### [ASSIGNED TASK]
From the line containing "EXOTON Line Array" through the last line of the entries below, transcribe each line exactly, excluding any picture.

[Dataset items]
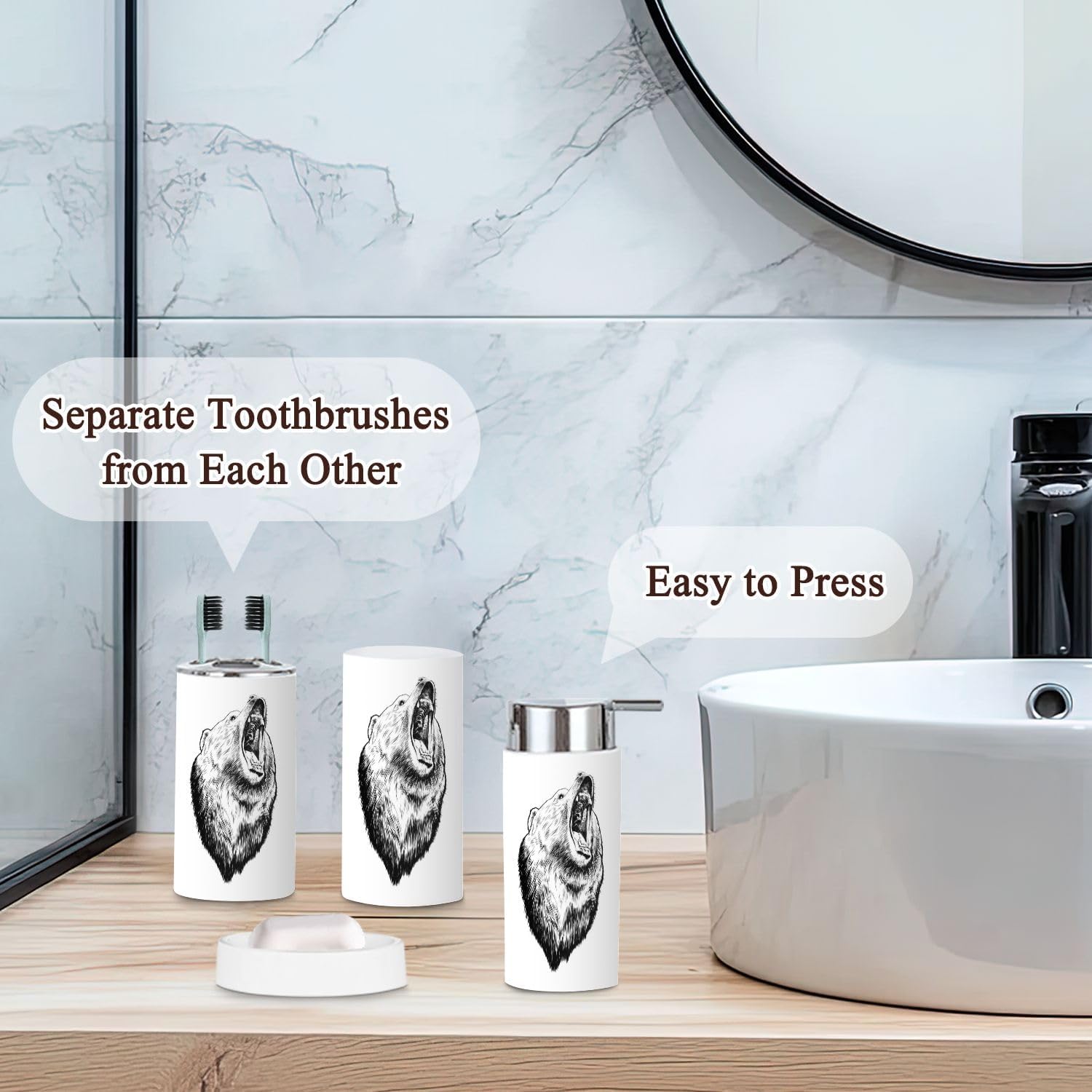 Bathroom Accessories Set 6 Pcs Engraved Style Decor
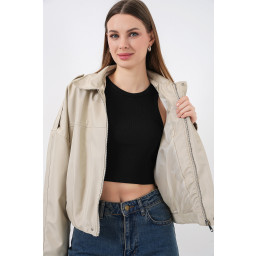 جاكيت نسائي قصير واسع 0732 - لون حجري Women's Oversize Short Jacket 0732 - Stone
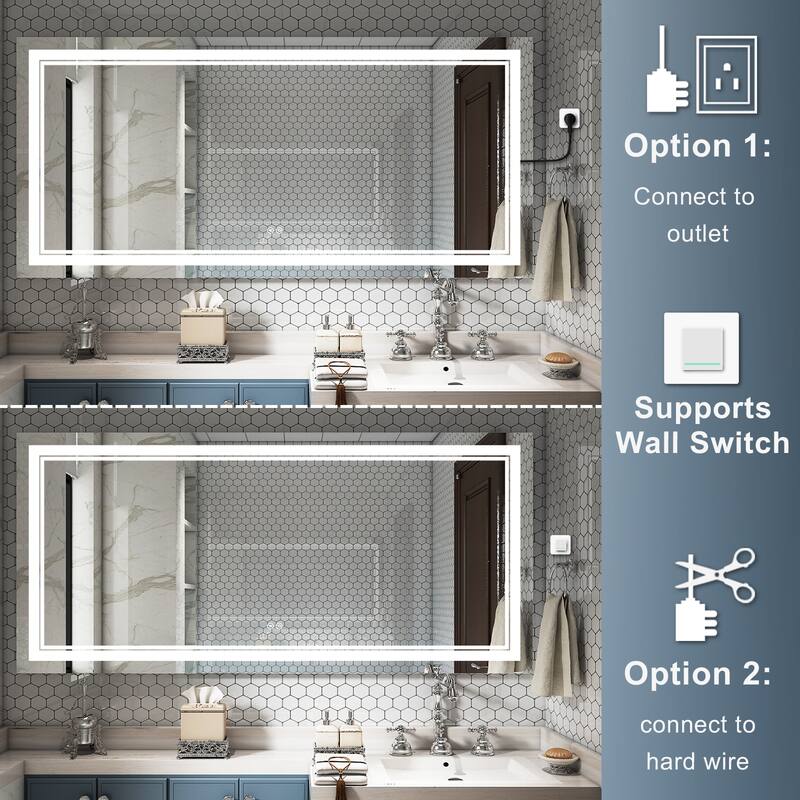Retangular Wall Mounted LED Bathroom Mirror With Touch Switch Memory Mirror Anti-Fog (Horizontal/Vertical)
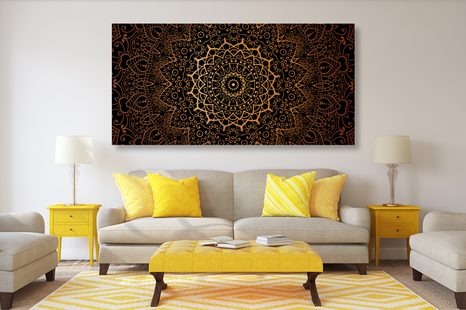 OBRAZ VINTAGE MANDALA V INDICKÉM STYLU - OBRAZY FENG SHUI - OBRAZY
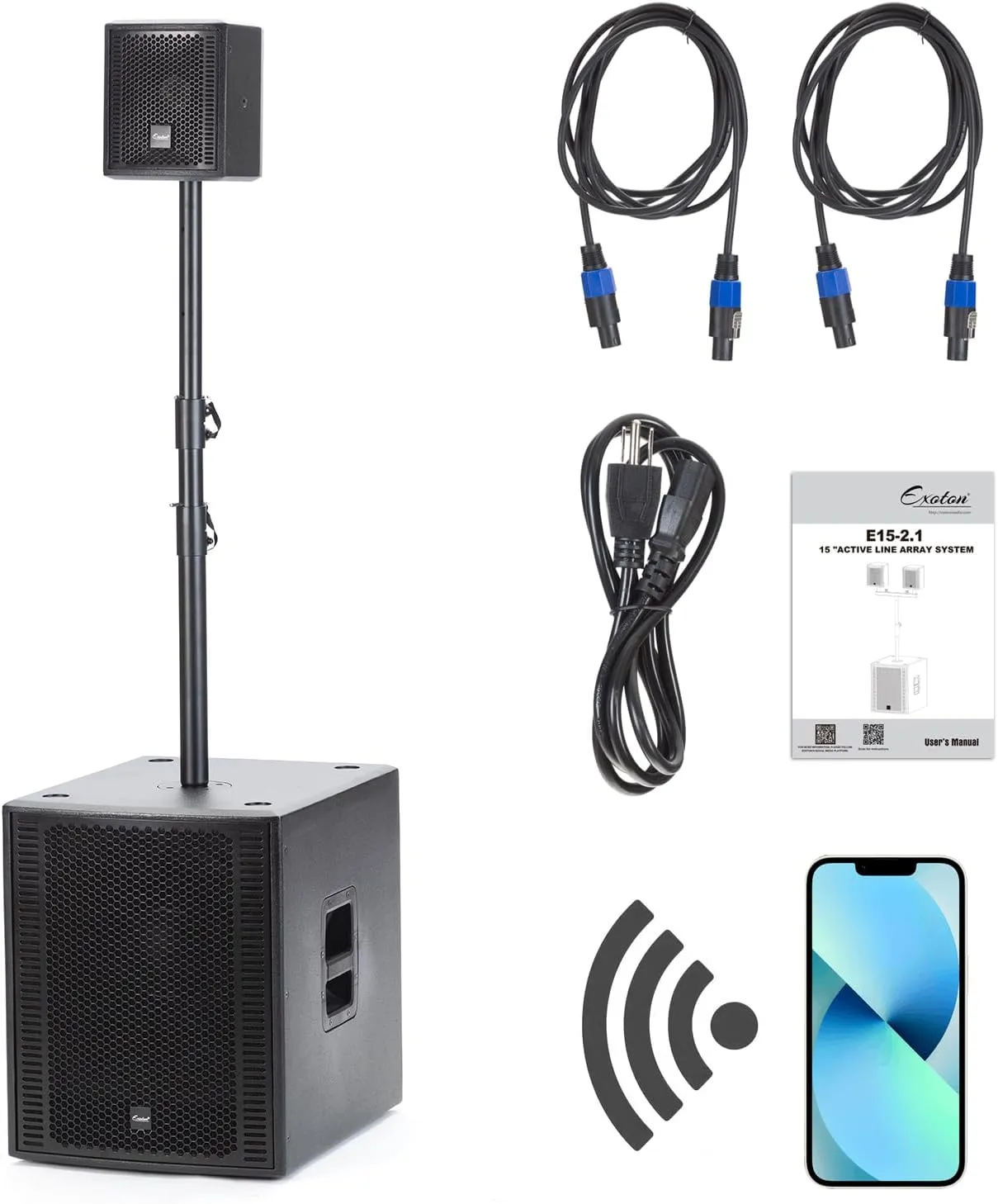 EXOTON Line Array Column PA Speaker, 2200W Professional and Compact Sound System,1x15'' Subwoofer, 2x6.5 Full Range Drivers, Built-in Amplifier, 5 Band DSP Presets(Wood Subwoofer)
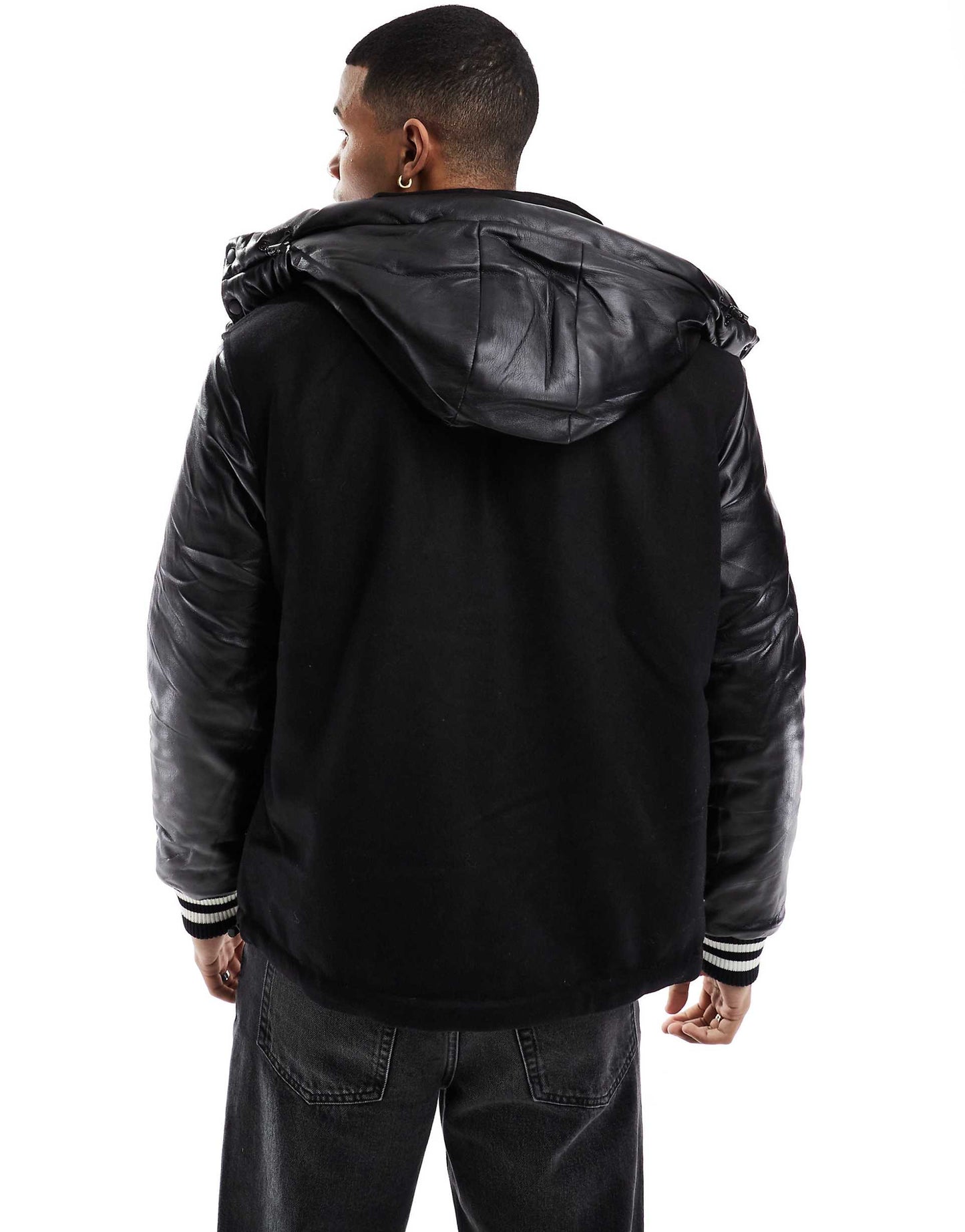 Varsity Puffer Jacket Black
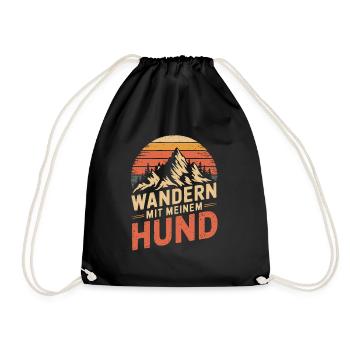 Wandern mit meinem Hund - Turnbeutel - Schwarz - Vorne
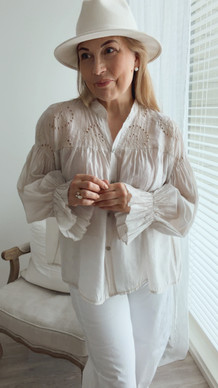 FLEUR VISCOSE BLOUSE BEIGE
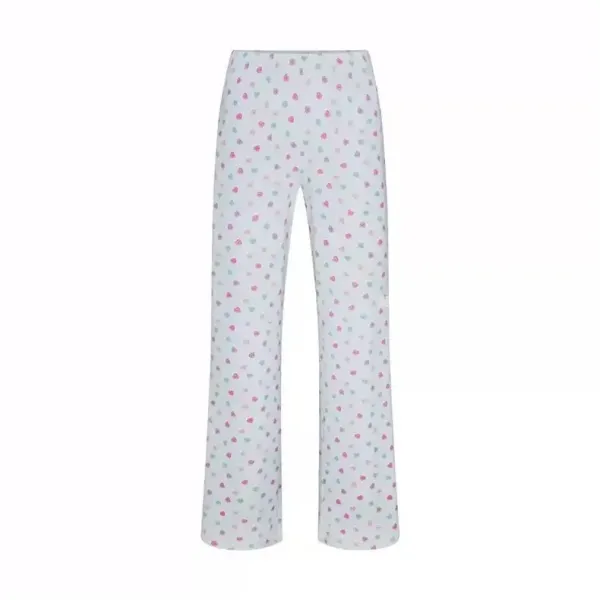 Design Heart Print Wide-Leg Pajama Pants White - 7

### [SOLUTION TO THIS TASK]
 EXOTON Line Array Column PA Speaker, 2200W Professional and Compact Sound System,1x15'' Subwoofer, 2x6.5 Full Range Drivers, Built-in Amplifier, 5 Band DSP Presets(Wood Subwoofer)
 Varsity Puffer Jacket Black
 Wandern mit meinem Hund - Turnbeutel - Schwarz - Vorne
 FLEUR VISCOSE BLOUSE BEIGE
 Design Heart Print Wide-Leg Pajama Pants White - 7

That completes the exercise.